Dersimliler uyanık olmalı


Dersimin bir yüzü hep kanlı, diğer yüzü ise her daim hüzünlü suskunluktur. Sessizlik ve kimsesizliğin hüznünün çöktüğü 1937/38 tarihinden bu yana soykırımı yaşayan Dersimlilerden arta kalanını konuşturmak bile mümkündü. Oysa bugün Dersim soykırımı üzerine tarihi gerçekler yarım-yamalak da olsa herkesin elinde ve dilinde rant, siyasal çıkar, kazanç malzemesi olmuş.
Dersim’de soykırım; tekçi-ırkçı-ulus-devlet anlayışına karşı özgün ve özgür duruşun sahibi olmak, yaşamlarını kendi özgünlükleri içinde sürdürme iddiasına sahip olmak sebebiyle uygulandı. On yıllar bu soykırım yok sayıldı. Ama bu yalanın perdesini yırtan Kürt Özgürlük Hareketi oldu. Dersim soykırımı yıllar önce Kürt Özgürlük Mücadelesinin basın-yayın organlarında, [görsel-yazınsal medyada] sayısız defa yayınlandı, açığa çıkarıldı. Gün yüzüne çıkan tanıklar, cesaretini kazanıp suskunluklarını bozduklarında, inkarcı medya ve soykırımı uygulayan devlet ricali hala kabul etme niyetinde değildi. Ta ki Kürt Özgürlük Harekatı Dersim Kürt-Alevi soykırımını giderek dünyaya duyurana kadar.
Dersim soykırımını devlet yaptı. Dersim’e uygulanan soykırımın mimarları; Kemal Atatürk, İsmet İnönü, Fevzi Çakmak, Kazım Karabekir’dir. Bu soykırım dünyanın bilgisi dahilinde uygulandı. Dönemin tanıkları ve Dersim Generali imzasıyla İngiltere’ye katliamla ilgili bilgi veren Seyid Rıza adına yazılan mektupla Ceride-i Dersim tarihinin kayıtlarına yazıldı.

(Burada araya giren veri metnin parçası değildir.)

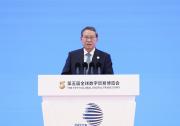李强出席第五届全球数字贸易博览会启动仪式并致辞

Dersim üzerine bugünlerde ahlaksızca tartışmalar yürütülüyor. Tunceli milletvekili Hüseyin Aygün, partisi CHP’nin ve kurucusu Atatürk’ün katliamın sorumlularından olduğunu Zaman gazetesine açıklaması, yeni tartışma yarattı. CHP dalgalanmaya başladı. Ardından R. Tayyip Erdoğan Dersim katliamını ilişkin yarım ağızla ‘özür’ diledi ve yine sahte gözyaşı akıttı. Devletin yeni sahipleri Gülen-AKP ittifakı, CHP ve Mustafa Kemal, Celal Bayar, Fevzi Çakmak, İnönü, Karabekir’in devamcıları ve Dersim soykırımından sorumlulardır.

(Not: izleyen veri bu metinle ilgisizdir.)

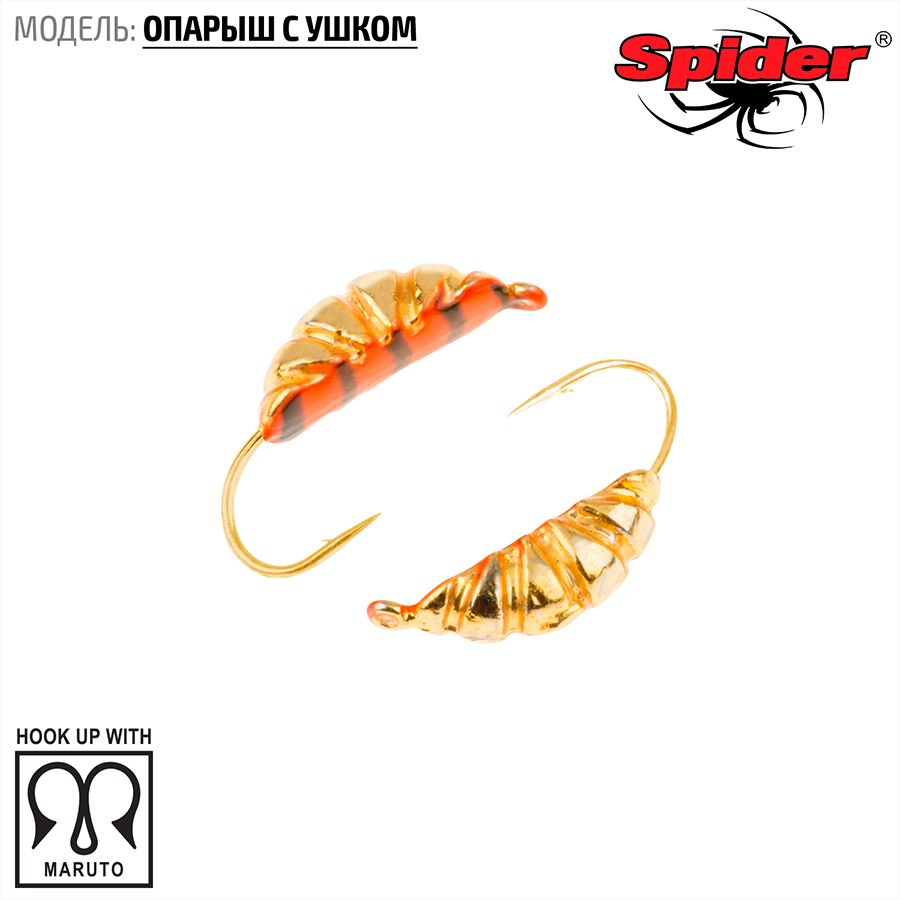Мормышка W Spider Опарыш с ушком 3,0 мм 0,46 гр. 147 гальваника с покраской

Türk Başbakanın ‘özür’ tavrı devleti korumak, Kürtler üzerinde katliamı devam ettirerek haramzade, aslını inkar eden, Kürt-Alevi devşirmelerini yanına alıp anti-Kürt cephesini yeniden onarmaktır. Erdoğan’ın cesareti var ise gidip Dersim’de anıtı dikilen, hala mezar yeri bilinmeyen Seyid Rıza’nın önünde diz çöküp, devlet adına özür diler. Kimyasal silahlarla katledilen Kürt gerillaların görüntüleri devlete sahip olan yeni sahiplerin hala Kürtlerin ve farklı inançların üzerinde yürütülen katliam-soykırımların sürgit devam ettiğinin ispatıdır.

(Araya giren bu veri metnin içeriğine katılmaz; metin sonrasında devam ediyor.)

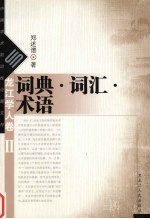 词典·词汇·术语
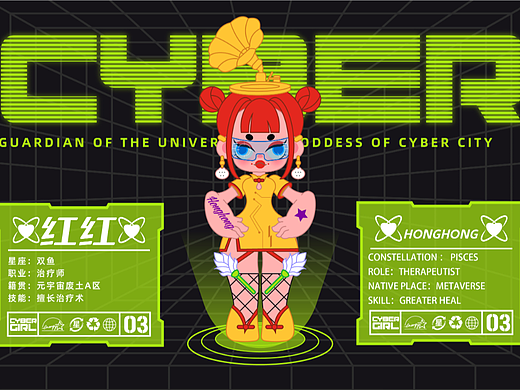 上海礼物之文创设计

Dersimliler ve Aleviler uyanık olmalı. Devlet yetkilileri, bugün de devam ettirilen soykırımlardan kurtulmak istiyorlarsa, aşağıdaki taleplerimiz kabul edilmelidir:
1- Dersim’in ve diğer yerleşim yerlerinin orijinal isimlerinin iade edilmesi,
2- Pirimiz Seyid Rıza’nın ve arkadaşlarının mezar yerlerinin açıklanması,
3- Dersim’de katledilenlerin anısına soykırım anıtının dikilmesi,
4- Ailelerinden alınan Dersimli çocukların kimlere verildiği, hali hazır da yaşayanların yerlerini açıklanması,
5- Dersim’den gasp edilen, Dersim’e ait tarihi zenginliklerin sahiplerine iade edilmesi,
6- Devlet hazinesine geçirilen Dersim sürgünlerinin arazilerin, malların, taşınmazların, evlerinin iade edilmesi,
7- Alevi inancına sahip olan Dersimlilerin kutsal mekanlarına dokunulmaması,
8- Dersim’de doğa katliamına son verilmesi,
9- Soykırım kabulü ciddiyet ve sorumluluk içinde, basının ve uluslararası gözlemcilerin önünde Türk devleti yöneticileri tarafından açıklanması,
10- Dersim’in kimlik-inancına saygı duyulması.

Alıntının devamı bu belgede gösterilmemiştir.